Do you have enough financial protection?
The end of a current tax year, and the beginning of a new one, is often a good time to review financial circumstances and objectives. Given the unpredictability of life, and the fact that circumstances can change very quickly, it makes sense to hold periodic reviews of your wealth and assets. This is even truer for those people with larger sums of wealth, and for the increasing number of individuals whose wealth is intertwined with an international lifestyle.
A common misconception when doing such a review, is that protection planning – or insurance – is something that can be deferred. Many people can put off thinking about ‘worst-case scenarios’ in their lives, focusing instead on more enjoyable short-term goals and pursuits.
Unfortunately, it is a fact of life that at some stage, we all exit the stage. What’s more, many of us may also suffer serious illness during our lifetime. Both of these things make the case well for financial planning and protection, especially when you have loved ones to support or businesses and employees to protect.
In this article, we’re going to look at three categories of financial protection – for your family, for your debt, and for your estate.
Protecting your family
Family is often a key motivator for people getting their financial affairs in good order. Even when you have sizeable wealth, the absence of a financial back-up plan in times of crisis can quickly escalate an already uncomfortable scenario for loved ones, further adding to their stress.
With the UK currently experiencing cancer diagnosis at a rate of one new case every two minutes1, there are compelling reasons to consider income protection should you fall ill. And equally, if the worst were to happen, are you comfortable that your family could sustain their current lifestyle in the absence of your income?
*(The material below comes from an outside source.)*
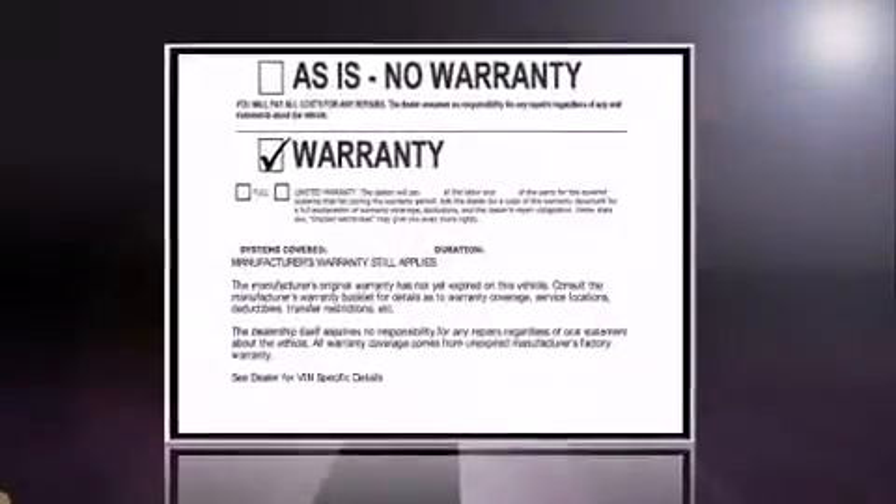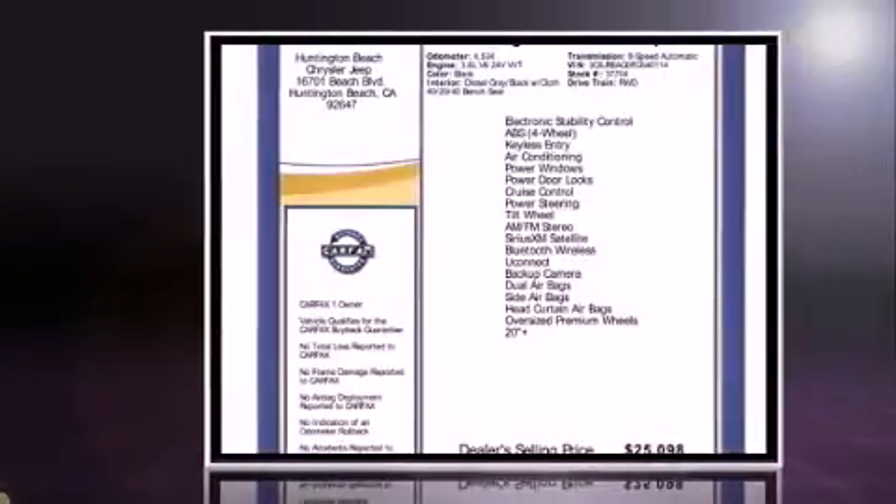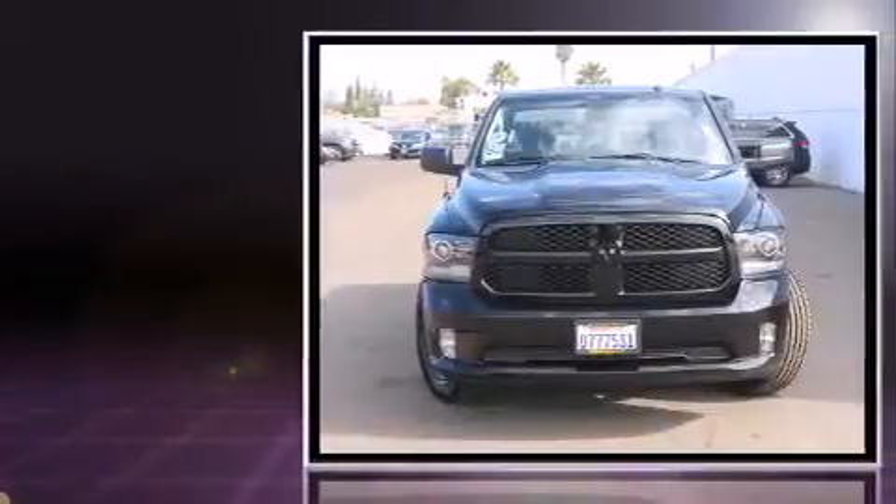Discerning drivers will appreciate the 2015 Ram 1500. With fewer than 5,000 miles on the odometer, this two-door truck excels in its class and is equipped to provide comfort, safety, and style.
Typical financial planning topics include school fee funding, university costs, and giving children a helping hand onto the property ladder. As Garry Villis, a Director at Barclays Private Bank explains, these are things to think about early in your financial planning: “Protection planning can create a pool of liquid cash that is readily available for chosen beneficiaries at the time they need it the most. They can access the funds (if structured correctly) without the need to wait for probate, which can give a much-needed lifeline whether that be used to replace lost income, make a cash injection into ventures, pay off loans or even avoid the sale of trophy assets such as family homes.”
While international wealth planning can be complex, it may come as a surprise to know that protection planning can, in fact, be very flexible. “It can be used to solve a variety of issues that may evolve over time,” says Garry. “As an example, an entrepreneur may initially use protection planning to cover income and earnings. However, as things evolve and asset bases grow, it can then be used to cover debts that have built up or to solve inheritance tax planning issues.”
For a business owner, there’s also the process of succession planning to consider. We talked about it in our recent private equity partner article, and the core principles apply to business owners more broadly.
Protecting your debt
Very few of us go through life without taking on some level of debt, often through property acquisition. For many people, credit may also have been used to buy so-called passion assets such as yachts or art, or for portfolio leveraging.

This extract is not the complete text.